Yes, that's exactly what I was trying to do. I finally achieved that with a less elegant solution than yours using a generator.
kriss over 12 years

yes, my original code is indeed broken (but not yet in the wild). I just didn't tested it on large files with the same beginning. I should have guessed there was a real problem as it was running way too fast.
phihag over 12 years

This leaks the file handle on some Python implementations. You should at least call close.
jfs over 12 years

I've added with statement to close the file properly.
Mapio over 12 years

This will now work if the file lenght is not a multiple of chunksize, read will infact return a shorter buffer in the last read. The termination is given by an empty buffer, that's why the "not buf" condition in the example code above (that works).
kriss over 12 years

@Mapio: there is indeed a kind of bug in my code, but not at all where you say. The file length is irrelevant. The code above works provided there is no partial read returning incomplete buffers. If a partial read occurs, it will stop too soon (but taking the partial buffer into account). A partial read may occur in some case, say if the program receive a managed interrupt signal while reading, then continue with read after returning from interruption.
kriss over 12 years

@phihag: is there really python implementation where the automatic close actually leaks file handles ? I thought it merely delayed the releasing of these file handles until garbage collection ?
kriss over 12 years

but with statement is indeed nice anyway
phihag over 12 years

@kriss Oops, you're right - close gets called eventually, even on Jython. However, that's only the case if you don't have an exception stacktrace lying around in sys.exc_info (for example if a read failed), so it's good form to call close or use the with statement.
kriss over 12 years

Well, in the above comment, when speaking of "code above" I'm refering to the old version. This current one is now working (even if it's not the best possible solution).
Raymond Hettinger over 12 years

This answer is incorrect when it says, "iterating over a bytes produces str objs". list(b'abc') --> [97, 98, 99]
phihag over 12 years

@RaymondHettinger Oops, stupid me. Tested it in 2.7 and was surprised to get strs - duh.
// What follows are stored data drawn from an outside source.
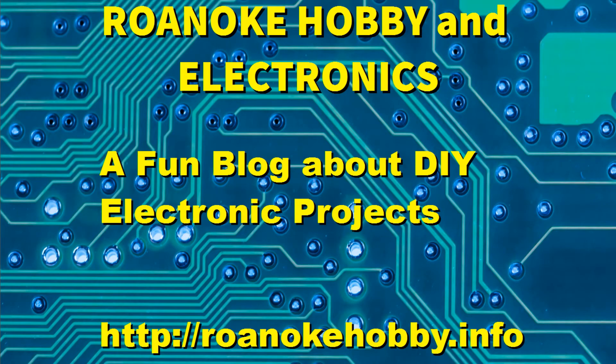Thanks for watching — I appreciate you stopping by. If you find any of the videos useful, give us a thumbs up and subscribe to the channel so you get notified when a new video is out. Be sure to stop by the blog at RoanokeHobby.info and look at some of the other videos. Watch for the next segment on the Hexaware — thanks for watching.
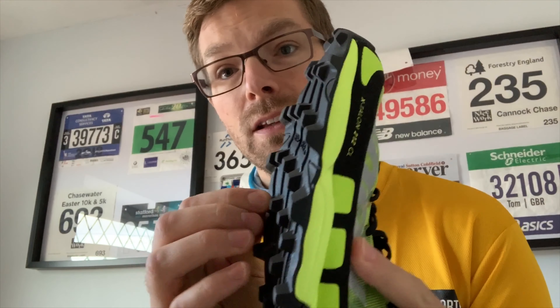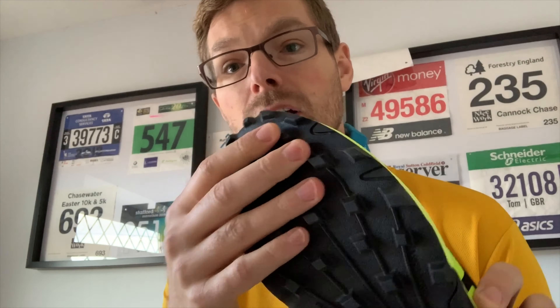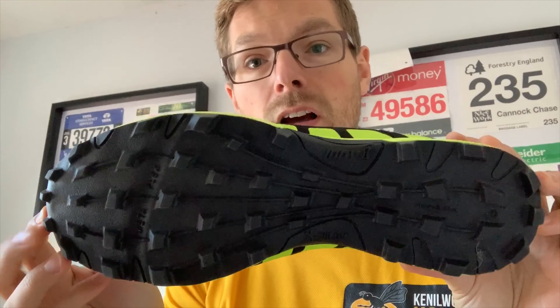So what's different about these? The biggest difference is the sole. There are six millimeter lugs on the bottom which provide a lot more traction in mud. When I did the Canicross run at Cannock Chase, traction on mud was a real challenge. So that's the biggest difference.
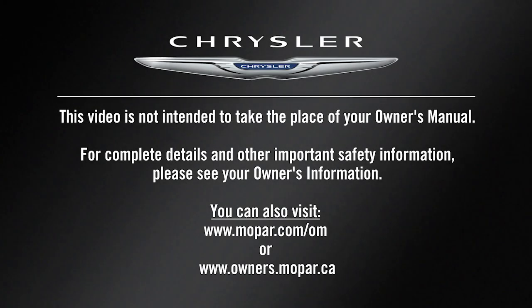This video is not intended to take the place of your owner's manual. For complete details and other important safety information, please see your owner's information.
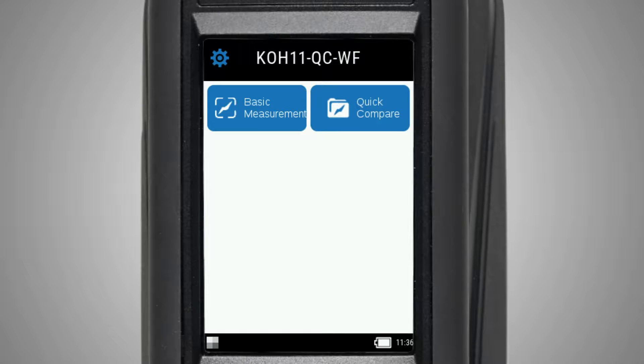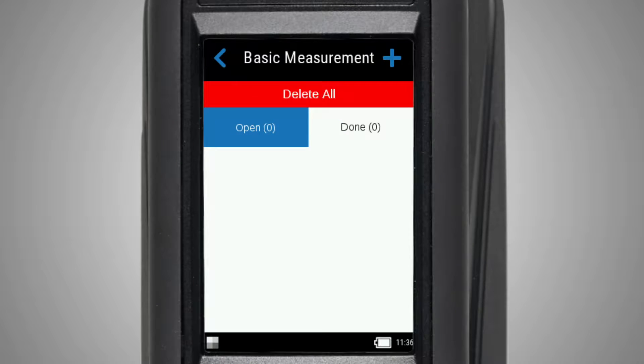The basic measurement icon allows you to take quick measurement readings. To create a new measurement, tap the plus icon.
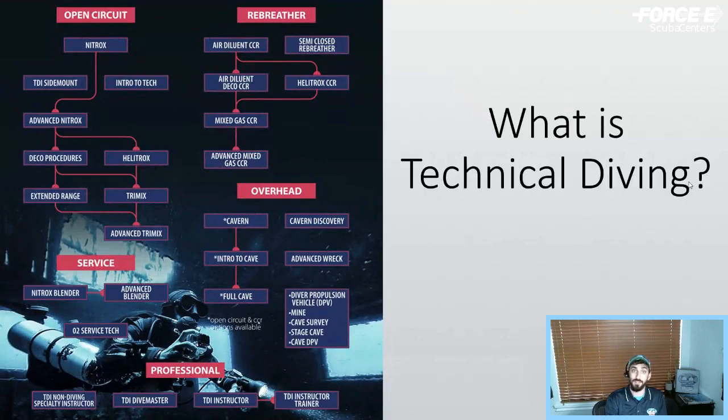From there you move into advanced nitrox, typically paired with decompression procedures, using elevated oxygen mixtures up to 100% to accelerate mandatory decompression stops. Decompression procedures teaches techniques for those stops, diving up to 150 feet. Then there's helotrox — same depth limit but with some helium in the mix. Extended range and trimix extend depth to 180 or 200 feet, with trimix using helium to limit narcosis. Finally, advanced trimix involves helium, more cylinders, and dives to a maximum of 330 feet.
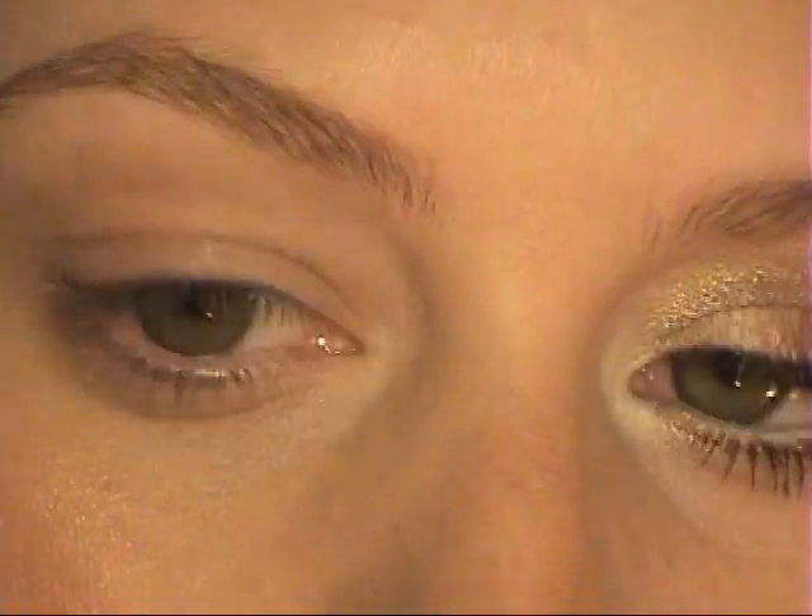I kind of have close-set eyes and they're on the smaller side, so it's really hard to wear makeup and make it look intense. Anything you do can make your eyes look squished together. But this look is really pretty — it has lots of golds, bronzys, and blacks, and I think it really makes your eyes look a lot bigger.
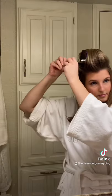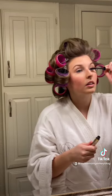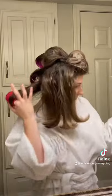I divide each section, give it a little spray with this hot set setting spray that I'll link in my link-to-know along with everything else, and then once they're all rolled up I hit it with a blast from my hair dryer and then let it sit as long as you want.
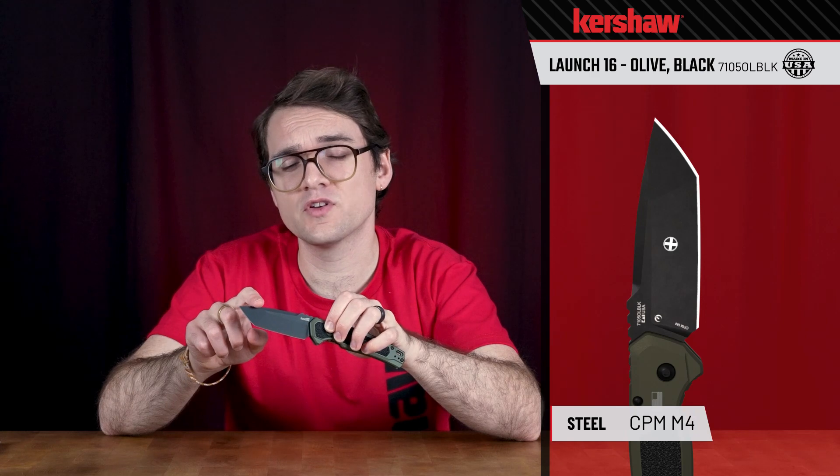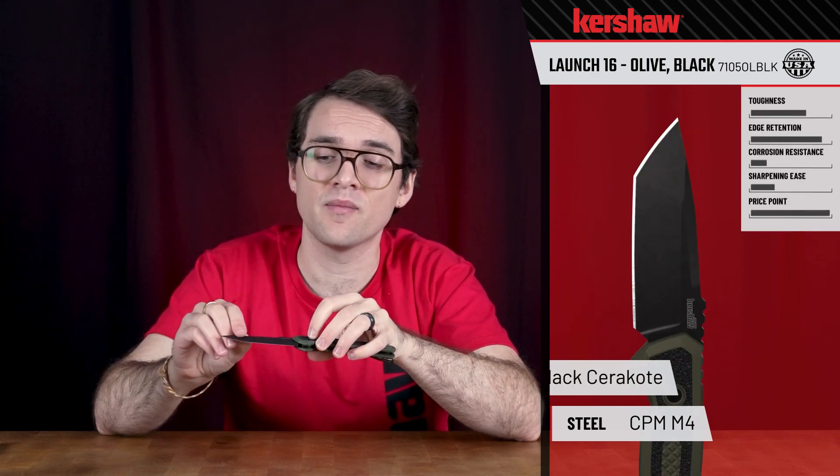Hey guys, let's take a look at the new Olive in Black Launch 16. We've got a 3.45 inch blade, CPM M4 blade steel with a plain edge and a matte black Cerakote finish.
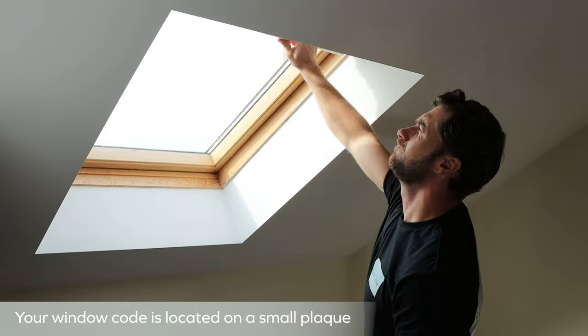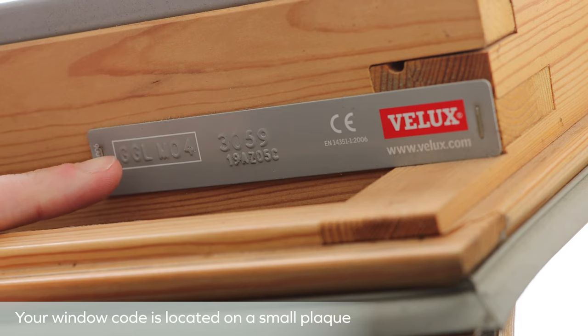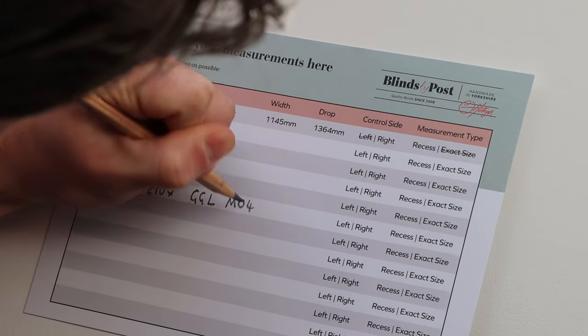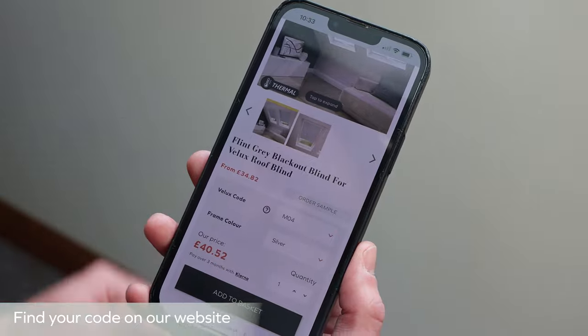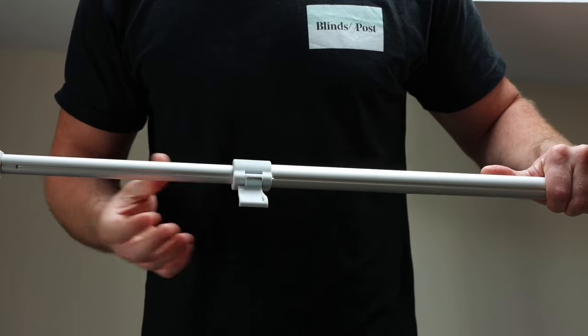For those hard-to-reach windows and blinds, our telescopic control rods range from 1 to 1.8 meters and are compatible with all Velux, Vacro, Daxtra, Keylight and rooflight windows, and can be purchased separately on our website.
Fixed.
Raymond Hettinger almost 12 years

@J.F.Sebastian Adding the with-statement "improved" the code at the expense of obfuscating the answer to the OP's question. A lot of people get confused or distracted by with-statement semantics, so it doesn't belong in an answer addressing iteration fundamentals. People who get hung-up on "leaking file handles" are wasting their time on something that almost never matters in real code. The with-statement is nice, but automatic file closing is a separate topic that isn't worth the distraction from an otherwise clear answer to a basic question about reading files in chunks.
jfs almost 12 years

@RaymondHettinger: if you don't like it; just revert the change. I've considered it to be a too minor change to discuss. Though I strongly disagree with your reasoning. Public code should follow best practices especially if it is aimed for beginners. If best practices are too hard to follow (though I don't think it is the case) for such a common task then the language should change.